Answer :    75 miles per hour

While going to the destination, the vehicle travels 10 mils at the speed of 50 miles per hour. So the time taken to travel 10 miles is
= (60 * 10) / 50
= 12 minutes

Now it's given that round-trip travel time is 20 minutes. So the vehicle should complete its return trip of 10 miles in 8 minutes. So the speed of the vehicle must
= (60 * 10) / 8
= 75 miles per hour

4. At University of Probability, there are 375 freshmen, 293 sophomores, 187 juniors, & 126 seniors. One student will randomly be chosen to receive an award. What percent chance is there that it will be a junior? Round to the nearest whole percent.

Answer : 7

5. A mule and a donkey were carrying full sacks on their backs.

The mule started complaining that his load was too heavy. The donkey said to him "Why are you complaining? If you gave me one of your sacks I'd have double what you have and if I give you one of my sacks we'd have an even amount."

How many sacks were each of them carrying? Give the minimal possible answer

Answer :    The mule was carrying 5 sacks and the donkey was carrying 7 sacks.

Let's assume that the mule was carrying M sacks and the donkey was carrying D sacks.
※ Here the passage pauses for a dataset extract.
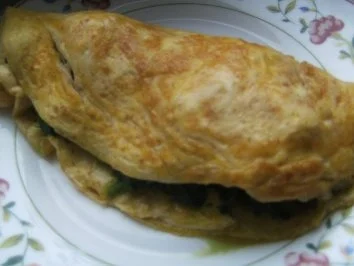 Omlett  mit einer Spinatfüllung - Rezept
As the donkey told the mule, "If you gave me one of your sacks I'd have double what you have."
D + 1 = 2 * (M-1)
D + 1 = 2M - 2
D = 2M - 3

The donkey also said, "If I give you one of my sacks we'd have an even amount."
D - 1 = M + 1
D = M + 2

Comparing both the equations,
2M - 3 = M + 2
M = 5

Substituting M=5 in any of above equation, we get D=7

Hence, the mule was carrying 5 sacks and the donkey was carrying 7 sacks.

6. Substitute digits for the letters to make the following relation true.

N E V E R

L E A V E

+ M E

-----------

A L O N E

Note that the leftmost letter can't be zero in any word. Also, there must be a one-to-one mapping between digits and letters. e.g. if you substitute 3 for the letter M, no other letter can be 3 and all other M in the puzzle must be 3.

Answer :

Since R + E + E = 10 + E, it is clear that R + E = 10 and neither R nor E is equal to 0 or 5. This is the only entry point to

solve it. Now use trial-n-error method.

N E V E R 2 1 4 1 9

L E A V E 3 1 5 4 1

+ M E + 6 1

-------- --------

A L O N E 5 3 0 2 1

7. A man is stranded on a desert island. All he has to drink is a 20oz bottle of sprite.

To conserve his drink he decides that on the first day he will drink one oz and the refill the bottle back up with water. On the 2nd day he will drink 2oz and refill the bottle. On the 3rd day he will drink 3oz and so on...

By the time all the sprite is gone, how much water has he drunk?

Answer :  The man drunk 190oz of water.

It is given that the man has 20oz bottle of sprite. Also, he will drink 1oz on the first day and refill the bottle with water, will drink 2oz on the second day and refill the bottle, will drink 3oz on the third day and refill the bottle, and so on till 20th day. Thus at the end of 20 days, he must have drunk (1 + 2 + 3 + 4 + ..... +18 + 19 + 20) = 210oz of liquid.

Out of that 210oz, 20oz is the sprite which he had initially. Hence, he must have drunk 190oz of water

8. Karan bought a little box of midget matches, each one inch in length. He found that he could arrange them all in the form of a triangle whose area was just as many square inches as there were matches.

He then used up six of the matches, and found that with the remainder he could again construct another triangle whose area was just as many square inches as there were matches.

And using another six matches he could again do precisely the same. How many matches were there in the box originally? Note that the match-box can hold maximum of 50 matches.

Answer :

Initially, there were 42 or 36 matches in the match-box.

There are 42 matches in the box with which he could form a triangle 20, 15, 7, with an area of 42 square inches. After 6 matches had been used, the remaining 36 matches would form a triangle 17, 10, 9, with an area of 36 square inches. After using another 6 matches, the remaining 30 matches would form a triangle 13, 12, 5, with an area of 30 square inches. After using another 6, the 24 remaining would form a triangle 10, 8, 6, with an area of 24 square inches.

Thus, there are two possible answers. There were either 42 or 36 matches in the match-box.

9. There are 4 mugs placed upturned on the table. Each mug have the same number of marbles and a statement about the number of marbles in it. The statements are: Two or Three, One or Four, Three or One, One or Two. Only one of the statement is correct. How many marbles are there under each mug?

Answer :

As it is given that only one of the four statement is correct, the correct number can not appear in more than one statement. If it appears in more than one statement, then more than one statement will be correct.

Hence, there are 4 marbles under each mug.

10. Three friends divided some bullets equally. After all of them shot 4 bullets the total number of bullets remaining is equal to the bullets each had after division. Find the original number divided.

Answer :

Assume that initial there were 3*X bullets.

So they got X bullets each after division.

All of them shot 4 bullets. So now they have (X - 4) bullets each.

But it is given that, after they shot 4 bullets each, total number of bullets remaining is equal to the bullets each had after division i.e. X

Therefore, the equation is
3 * (X - 4) = X
3 * X - 12 = X
2 * X = 12
X = 6

Therefore the total bullets before division is = 3 * X = 18